Mais les diplomaties maghrébines entendent également profiter de leur positionnement pour jouer la carte de l'Afrique. Dans un contexte où leurs économies font le choix de l'Afrique, elles inscrivent leur action diplomatique dans un socle africain.
«Développer un véritable agenda africain sur la Migration» était le défi que s'était proposé le Roi du Maroc lors du sommet d'Abidjan. Objectif: «parler d'une seule et même voix africaine».
Pour la Tunisie, on cherche à travers la question de l'immigration à faire prendre conscience à la communauté internationale qu'un début de solution passe par l'accompagnement des États africains les plus vulnérables. Dans un contexte où tous les regards se tournent vers l'Afrique, s'engager dans des offensives économiques au profit quasi-exclusif des États convoiteurs est absolument stérile.
«Je vais vous parler très franchement […] Il ne s'agit pas d'aller puiser des ressources en Afrique. L'Afrique n'a pas besoin de cela. Elle a besoin de partenariats gagnant-gagnant et qu'on l'aide à renforcer ses institutions»,
qui feront que les Africains trouvent une chance en Afrique, a insisté le ministre tunisien des Affaires étrangères à Rome.

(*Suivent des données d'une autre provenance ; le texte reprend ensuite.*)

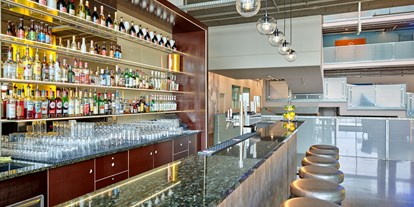 Hotels an der Piste - Pools: Infinity Pool - Bar - Arena Franz Ferdinand Nassfeld
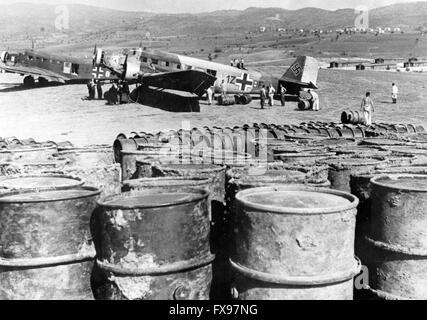 L'image de propagande nazie représente le transport de l'approvisionnement par l'armée de l'air allemande pour l'occupation allemande de la péninsule des Balkans en avril 1941. Fotoarchiv für Zeitgeschichtee - PAS DE SERVICE DE VIREMENT - Banque D'Images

À ce titre, si la plupart des migrants transitent aujourd'hui par la Libye, c'est bien parce qu'on est en présence d'un «État failli» où les contrôles frontaliers sont inexistants aussi bien pour accéder au territoire libyen que pour le quitter en direction de l'Europe.
«La Libye a été frappée et détruite en 2011. Personne ne s'est soucié d'aider les Libyens à dépasser leurs contradictions et construire un nouvel État. (…) Gérer la question de l'immigration, cela passe aujourd'hui par une prise de responsabilité de la communauté internationale sur le dossier libyen», a conclu le ministre tunisien.
Reste à savoir si cette approche ne fait pas le jeu des «fuites des cerveaux». L'autre impératif se posant aux États du Sud est celui d'offrir à leurs ressortissants un cadre suffisamment attrayant pour qu'ils contribuent à relever le défi du développement local.
En 6 ans, ce sont près de 94.000 Tunisiens diplômés à avoir quitté le pays vers l'Europe, selon l'Organisation de coopération et de développement économique (OCDE), cité par un journal local, qui titrait en novembre dernier sur: «la Tunisie perd ses compétences.»
«Alors que les migrants sont repoussés au-delà des rives européennes, "ces gouvernements (européens, ndlr) ne se gênent pas pour puiser dans les cerveaux maghrébins dans le cadre de ce qui est appelé parfois immigration choisie", a lâché le diplomate tunisien basé dans une capitale européenne.